Information provided
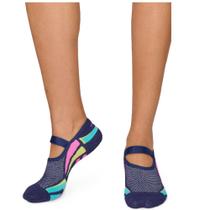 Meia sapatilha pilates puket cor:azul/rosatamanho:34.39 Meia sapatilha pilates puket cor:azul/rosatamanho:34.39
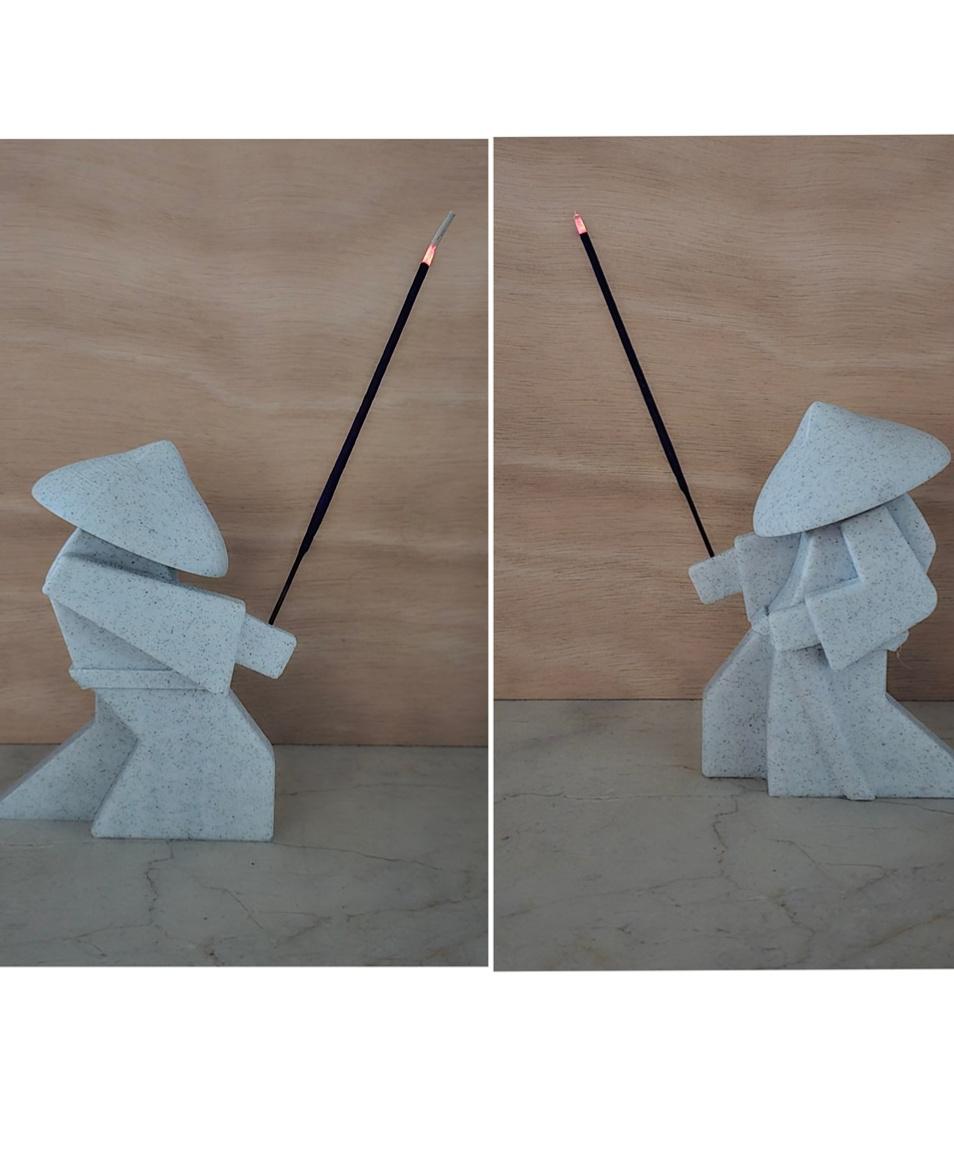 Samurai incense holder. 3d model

--

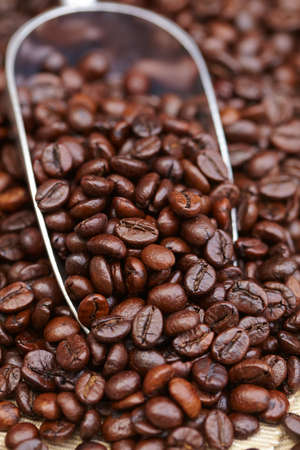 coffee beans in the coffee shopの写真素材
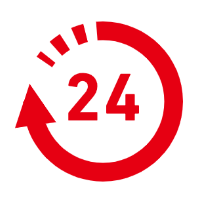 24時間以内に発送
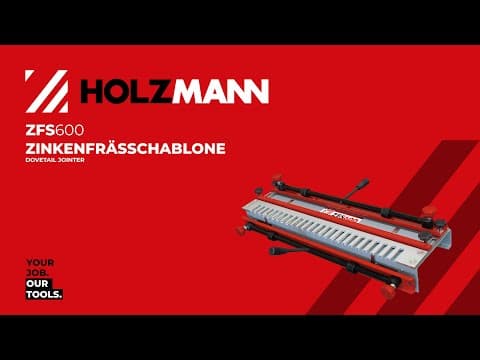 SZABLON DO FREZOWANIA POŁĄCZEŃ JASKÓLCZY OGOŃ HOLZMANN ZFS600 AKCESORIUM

==

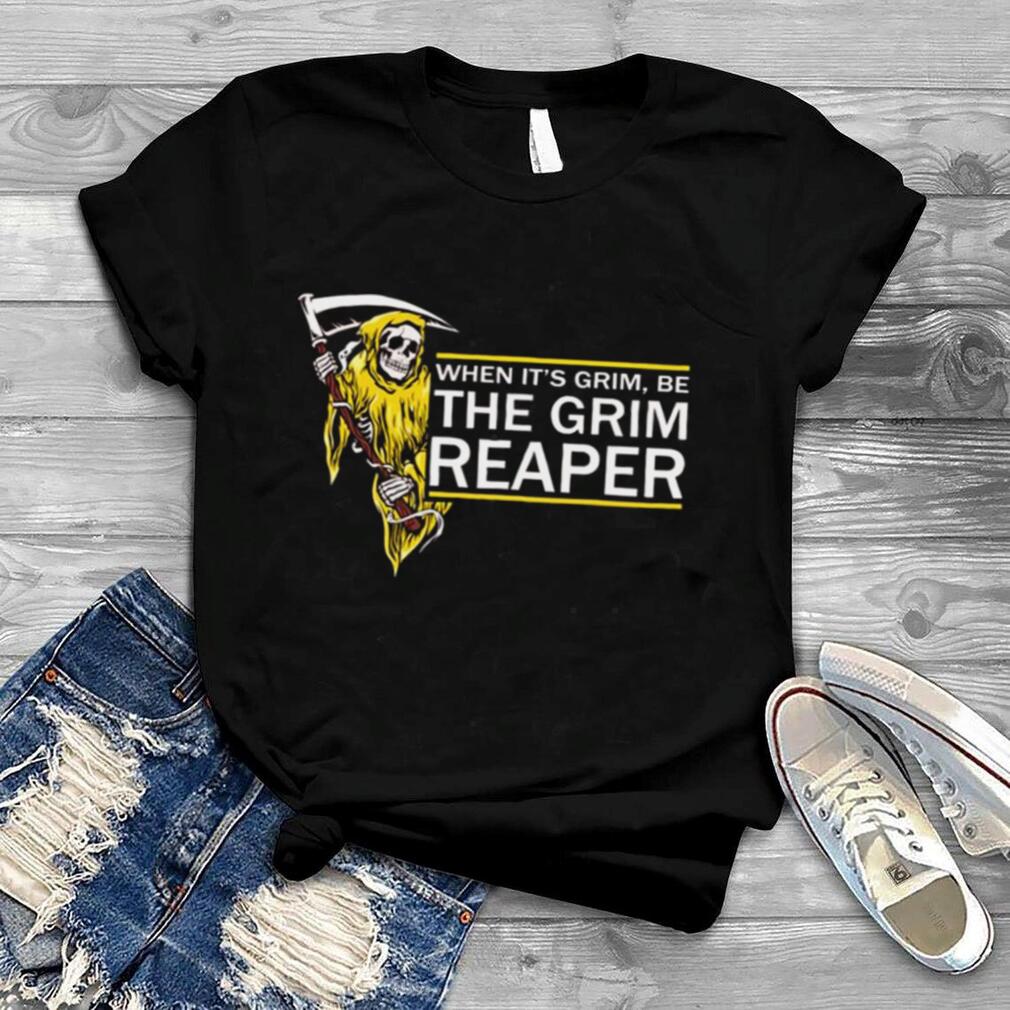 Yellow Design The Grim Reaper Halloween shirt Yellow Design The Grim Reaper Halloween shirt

Task to complete
Would you set down only the lines above from the line with "coffee beans in the coffee shopの写真素材" to the line with "SZABLON DO FREZOWANIA", both included, exactly as they stand and without the pictures?

Solution below
 coffee beans in the coffee shopの写真素材
 24時間以内に発送
 SZABLON DO FREZOWANIA POŁĄCZEŃ JASKÓLCZY OGOŃ HOLZMANN ZFS600 AKCESORIUM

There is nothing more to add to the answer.